4. For some reason, tiny white/tan spiders are prevalent in my yard this summer, biting me and leaving large painful welts. I wish that the family of scrub jays (the 4 teenage birds) would eat the spiders. Looks like we will have lots of Bartlett pears this year. The figs are barely started.
5. My subscription to Smithsonian Magazine expired and is now reinstated. I always enjoy all the articles on art, travel, and history. The August issue has an article on Prague, where one of our grad students is currently vacationing.
6. I haven't yet read the final Harry Potter book - don't even own a copy yet - but I did get a colleague to tell me the ending. I am not at all sure that this Wikipedia link on the book is correct - certainly the cover does not seem right. Fast work getting the article posted on Wikipedia. And although this article does provide an ending, again, I cannot vouch for the accuracy. Nevertheless, if you don't want it spoiled, don't go there.
7. The farmers in our neighborhood are processing their rye and fescue grass seed this week because Linn County Oregon is indeed the "Grass Seed Capital of the World." Luckily the pollen count has fallen now and so far not many fields of stubble have been burned creating towering columns and plumes of smoke. However, the farmers often cut, windrow, process the seed at night, then windrow and bale the straw loudly at night. Why at night, I wonder?
8. I'm reading up on the Great Books theory of education as part of the writing class considering transformation, education, power, and writing. It's interesting to see what's in the canon and why and who gets to decide.

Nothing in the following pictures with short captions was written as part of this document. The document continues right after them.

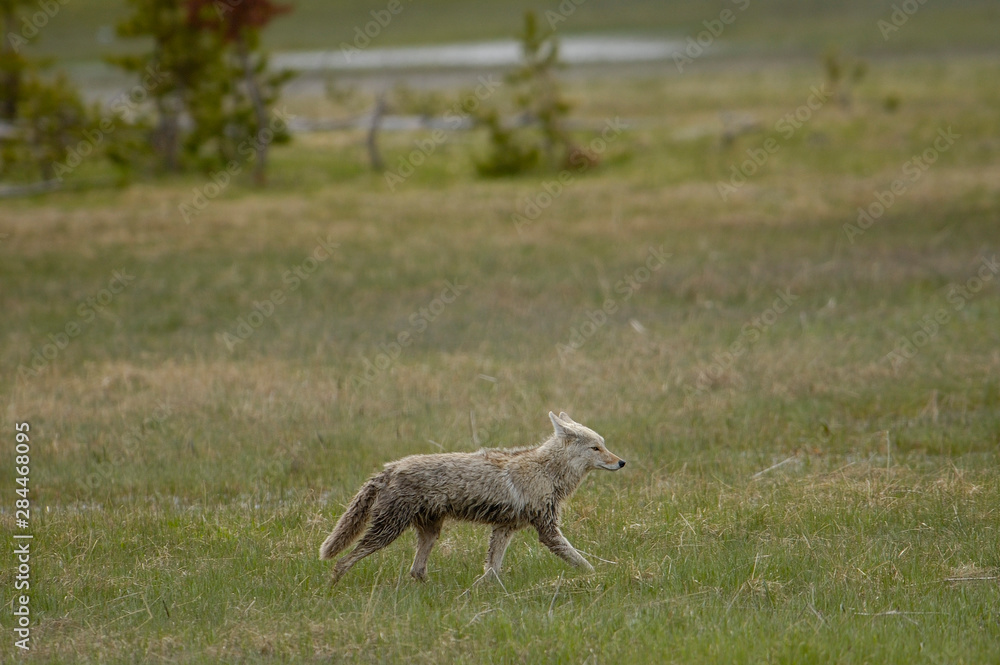 Coyote (Canis latrans) Yellowstone National Park. Wyoming. USA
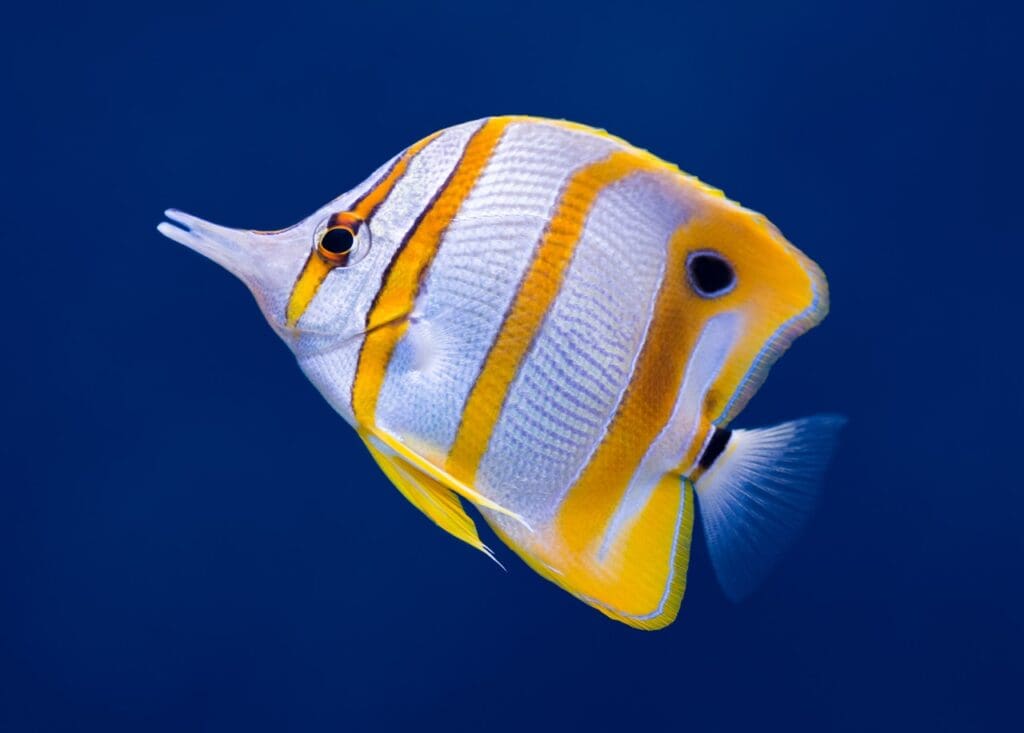 ​The copperband butterflyfish plays an important role in maintaining the balance of coral reef ecosystems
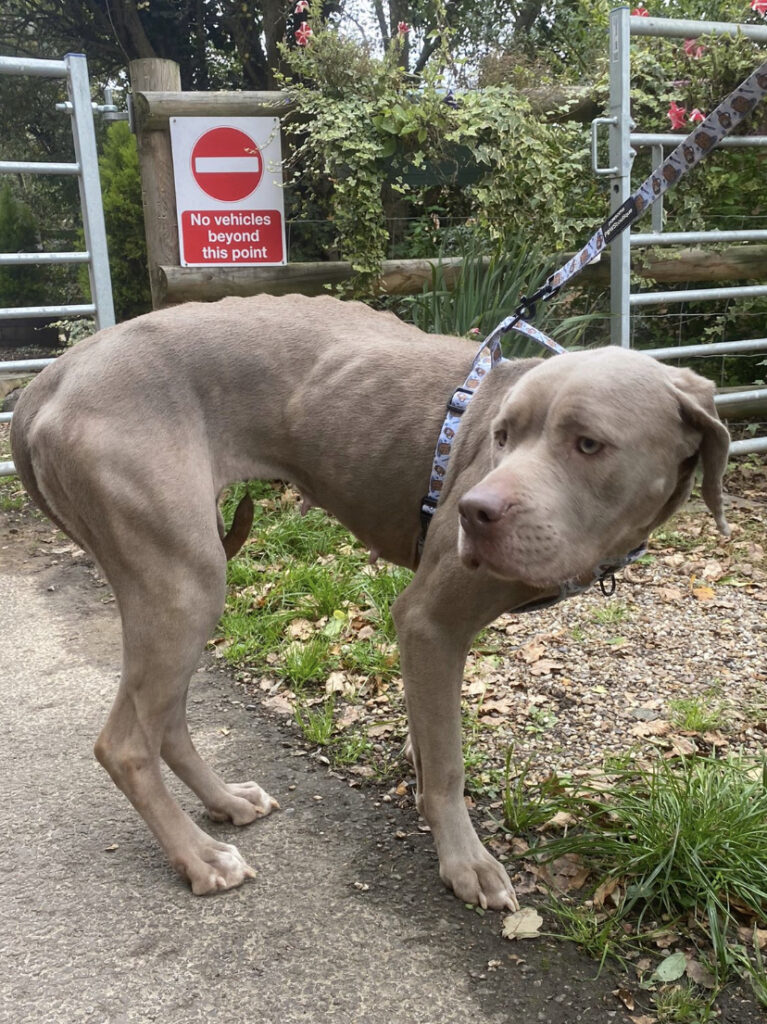 XL Bully t where to see animals in Essex things to do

OK -- those are eight fairly random things I thought of this afternoon. Here are eight people who have blogs whom I will tag to continue -- am I supposed to email them, or will they see it when they visit my blog?
1. Claire
2. Ruben
3. Natasha
4. Linda
5. April
6. Nathan
7. Jillian
8. Marieke

Enjoy!

Catching UP

I apologize for being gone so long. Today I will add three new posts! I promise.

Tuesday, July 03, 2007

Medieval Madness

This interesting story "Knights of the Faculty Lounge" by John Gravois from today's Chronicle of Higher Education explores the connection between scholarly medieval studies and recreational medievalism, whether in the flesh - Society of Creative Anachronism - or online - MMORPG's. According to Gravois, most trace the burst in interest in medievalism to Tolkien's popularity in the 1960's Says Gravois:

And so in Tolkien, modern academic medievalism and fantasy culture share a common ancestor — as it happens, one who clearly favored the academic side of the family. Tolkien, who originally wrote his fantasy books for a tiny circle of colleagues and kin, called his fans "my deplorable cultists." So the uneasy coexistence started with gramps.

That's one way to answer the question of how fantasy got associated with the medieval. But Mr. Kline [Daniel T. Kline, a professor of medieval and Renaissance English at the University of Alaska at Anchorage,] answered the Canadian student's question differently. Mr. Kline, along with several other scholars of the middle ages, has begun thinking about fantasy literature and role-playing games as actual revivals of medieval literary forms.

Arthurian legends, he and others say, had a similar open-ended narrative structure built of quest after quest, a similar relationship to an ahistorical imagined past (Sir Thomas Malory wasn't writing about his present either), and a similar kind of open authorship (there were hundreds of medieval Arthurian yarn spinners). Unlike more modern forms, the medieval approach to storytelling is one that lends itself perfectly to fantasy worlds that can be endlessly constructed, reconstructed, and traversed. "The grail quest never ends," said Mr. Kline.

Which might explain the huge popularity of the other world.